• [TO DO] Across the entries, count the lines that include "Used" and report only that number.

[Start of Attachment]

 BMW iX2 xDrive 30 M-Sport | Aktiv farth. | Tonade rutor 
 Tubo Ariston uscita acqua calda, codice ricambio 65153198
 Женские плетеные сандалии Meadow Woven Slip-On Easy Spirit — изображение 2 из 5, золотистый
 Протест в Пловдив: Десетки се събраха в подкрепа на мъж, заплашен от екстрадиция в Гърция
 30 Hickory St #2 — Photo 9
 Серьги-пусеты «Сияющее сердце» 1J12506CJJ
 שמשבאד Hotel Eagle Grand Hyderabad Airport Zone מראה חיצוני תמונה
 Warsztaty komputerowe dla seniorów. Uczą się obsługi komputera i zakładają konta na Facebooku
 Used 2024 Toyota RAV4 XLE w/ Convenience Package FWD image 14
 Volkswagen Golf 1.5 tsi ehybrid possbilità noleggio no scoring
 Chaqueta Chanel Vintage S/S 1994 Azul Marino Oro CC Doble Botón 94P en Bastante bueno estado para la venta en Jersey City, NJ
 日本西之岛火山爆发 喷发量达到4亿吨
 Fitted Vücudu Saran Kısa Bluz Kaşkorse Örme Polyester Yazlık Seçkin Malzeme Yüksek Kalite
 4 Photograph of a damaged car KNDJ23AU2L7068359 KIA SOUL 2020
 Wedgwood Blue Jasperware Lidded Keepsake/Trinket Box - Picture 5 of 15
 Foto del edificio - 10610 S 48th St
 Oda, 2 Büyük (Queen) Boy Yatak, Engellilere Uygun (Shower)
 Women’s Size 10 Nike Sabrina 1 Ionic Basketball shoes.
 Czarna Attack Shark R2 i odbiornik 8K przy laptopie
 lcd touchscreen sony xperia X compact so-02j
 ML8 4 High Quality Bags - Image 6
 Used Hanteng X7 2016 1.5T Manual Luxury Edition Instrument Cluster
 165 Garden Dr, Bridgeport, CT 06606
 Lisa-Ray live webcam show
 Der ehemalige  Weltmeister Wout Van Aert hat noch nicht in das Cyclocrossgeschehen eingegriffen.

[End of Attachment]

• [ANSWER BELOW] 2